O trabalho, publicado na revista científica Sustainability, foi desenvolvido por pesquisadores do Programa de Pós-Graduação em Engenharia Florestal da UFV, sob orientação do professor Sebastião Venâncio Martins. Ele explica que as pedras utilizadas tradicionalmente são estruturas "mortas" que apenas contêm a lama de rejeitos. Por isso, era preciso ir além.

“As técnicas de engenharia natural, que utilizam pedras, troncos e plantas vivas, são comuns em regiões de clima temperado, como a Europa e os EUA. No Brasil, já existiam testes em estufas sobre o enraizamento de espécies nativas, mas faltavam testes significativos em ambientes reais. Foi o que fez a equipe do Laboratório de Restauração Florestal (Larf) da UFV. Depois dos testes em estufa sobre o enraizamento de estacas de espécies nativas, os pesquisadores foram testar essas plantas na prática, enfrentando as cheias do rio e o solo alterado — algo que ainda não havia sido documentado com precisão científica em sistemas tropicais após acidentes de mineração”, explica o professor.

O método

Durante meses, os pesquisadores selecionaram espécies de árvores nativas de matas ciliares de Brumadinho (MG) e monitoraram o desempenho de estacas vivas (galhos com capacidade de enraizamento) instaladas diretamente nas margens.

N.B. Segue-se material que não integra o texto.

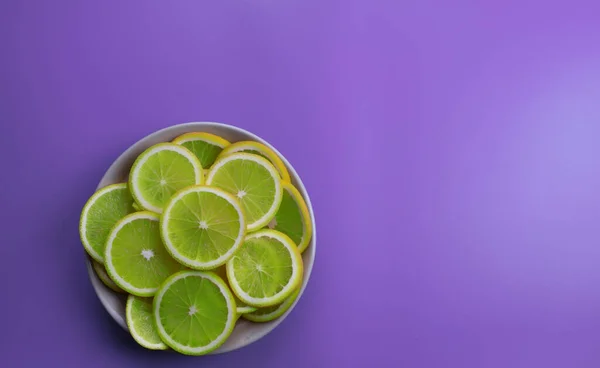 Gündüz vakti menekşe arkaplanda küçük parlak kireç dilimlerinin yukarıdan görünüşü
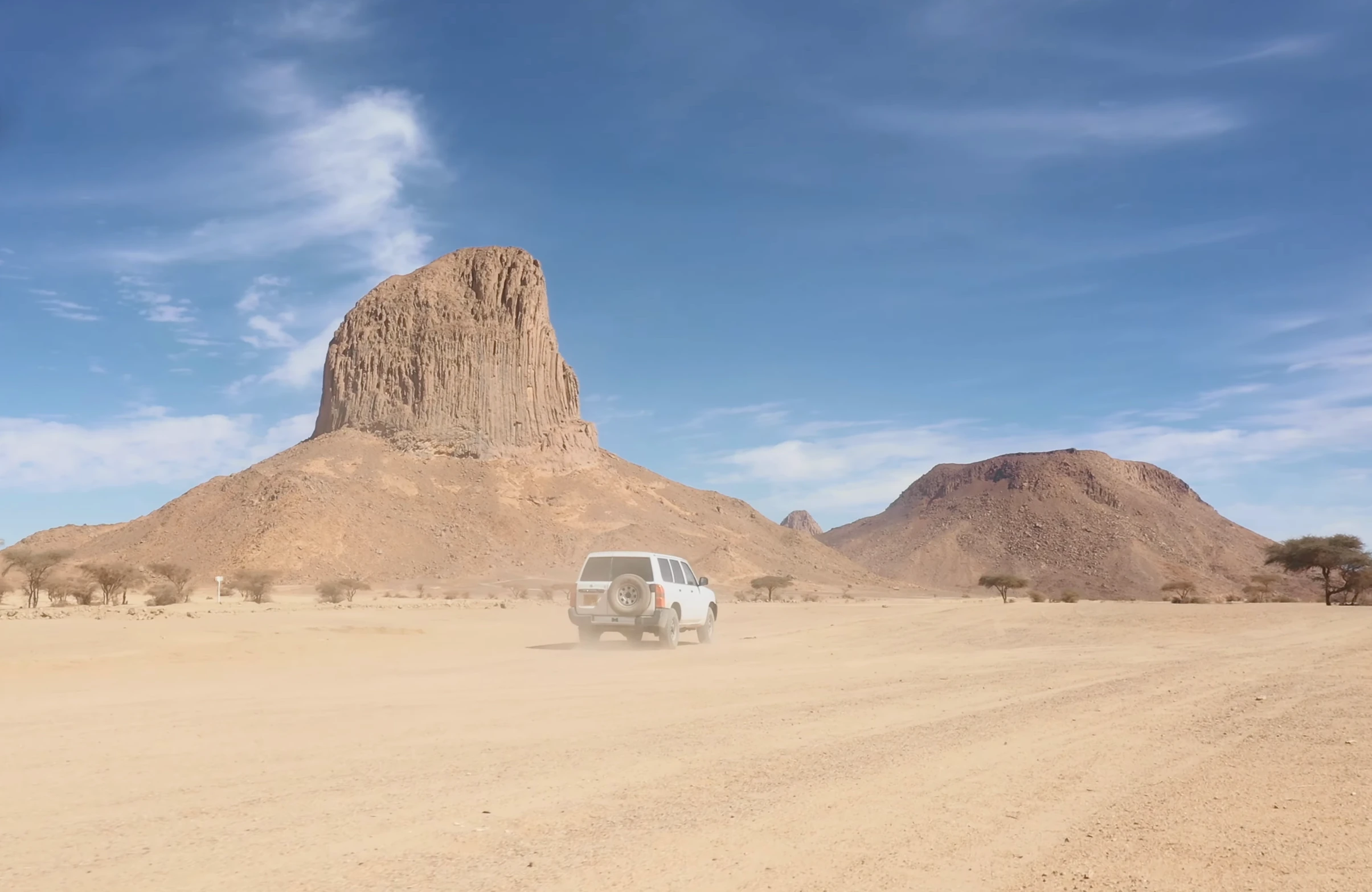 Véhicule tout-terrain sur une piste au pied des reliefs volcaniques du Hoggar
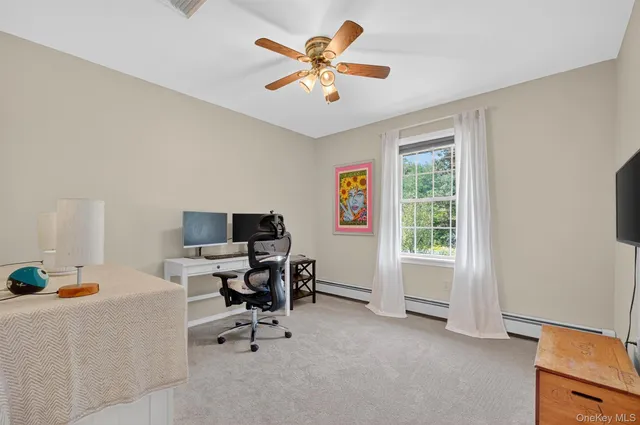 a view of a workspace with furniture and a window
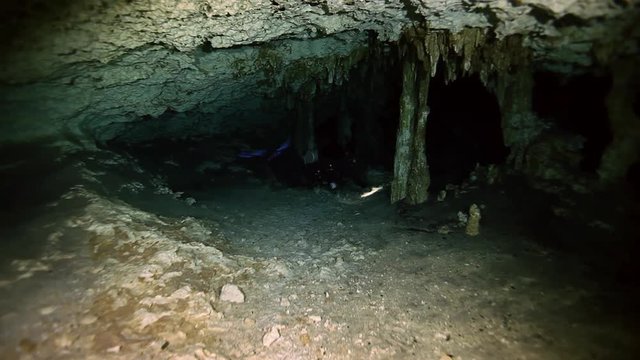 Underwater stalactites and stalagmites in landscape Mexican Sacred Mayan Cenote. Deep underground clean and clear fresh lake in cave. Unique shooting Wonders of Yucatan Peninsula nature in Dos Ojos.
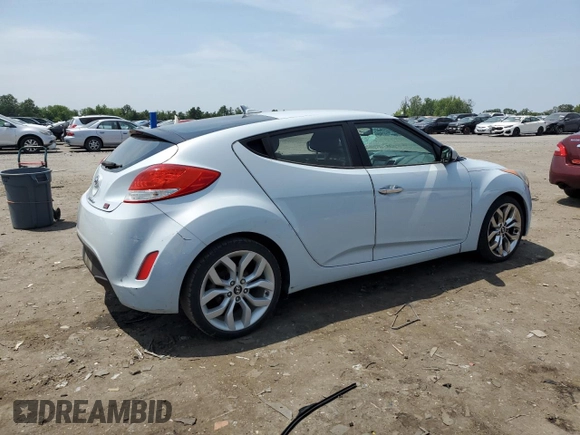 2015 Hyundai Veloster z VIN KMHTC6AD2FU221623, wystawiony jako Copart lot #58222615 z przebiegiem 176 801 mil mil oraz Czysty tytuł • Clean title. Historia ofert i sprzedaży dostępna na DreamBid. Obrazek 3.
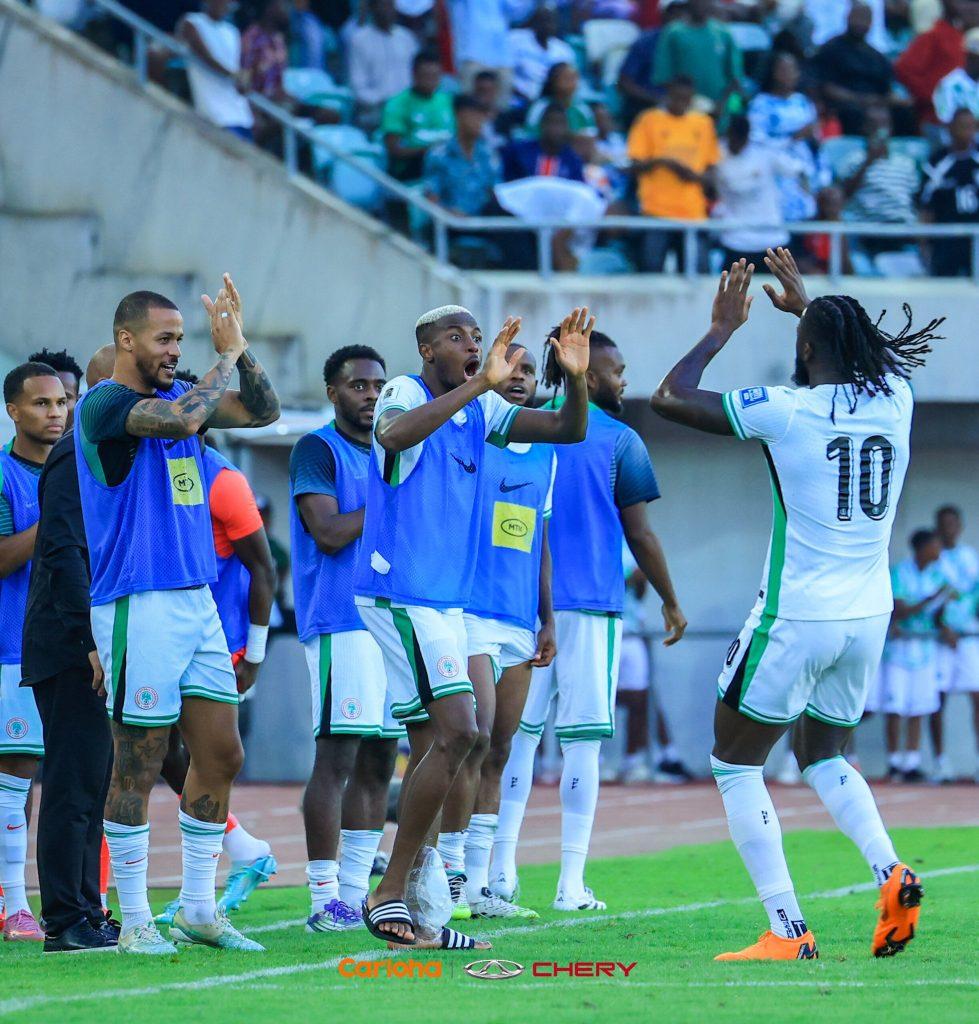 Tolu Arokodare rushed to the bench to celebrate with Victor Osimhen after his goal in Nigeria's clash against Rwanda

A equipe observou como o sistema de raízes segurava a terra e como a presença da vegetação melhorava a fertilidade química do solo, favorecendo, inclusive, o surgimento espontâneo de novas espécies. “Identificamos quais plantas conseguem trabalhar melhor como ‘engenheiras do solo’”, afirma Martins.

 

As melhores espécies

Os pesquisadores concluíram que a Sangra-d’água (Croton urucurana) apresentou as maiores taxas de sobrevivência e crescimento, funcionando como uma "âncora" natural. Já o Sarandi (Salix virgata) destacou-se pela rapidez, oferecendo proteção imediata contra a erosão. Por outro lado, a espécie Gymnanthes schottiana, embora tenha enraizado bem, não se adaptou às cheias prolongadas.

“A seleção correta da espécie define o sucesso da obra. Em vez de tentativa e erro, agora há dados que indicam quais espécies priorizar em áreas atingidas por mineração”, destaca o orientador do trabalho.

O artigo ressalta ainda que, além da estabilização das margens, a técnica resultou em aumento significativo nos estoques de carbono orgânico do solo (na camada de 0 a 40 cm), indicando uma recuperação rápida do ecossistema. As raízes criam uma malha que impede que o solo volte para a água, evitando o assoreamento do rio.

As espécies selecionadas já estão crescendo na beira do rio

 

A tecnologia, realizada em parceria com a empresa Vale, é ideal para locais impactados por rejeitos e margens degradadas em geral. Além da mineração, a técnica pode ser aplicada no controle de erosão em rodovias, recuperação de rios urbanos e estabilização de encostas em parques lineares.

A pesquisa citada nesta matéria está alinhada aos itens 13 (Ação Contra a Mudança Global do Clima), 14 (Vida na Água) e 15 (Vida terrestre) dos Objetivos de Desenvolvimento Sustentável (ODS).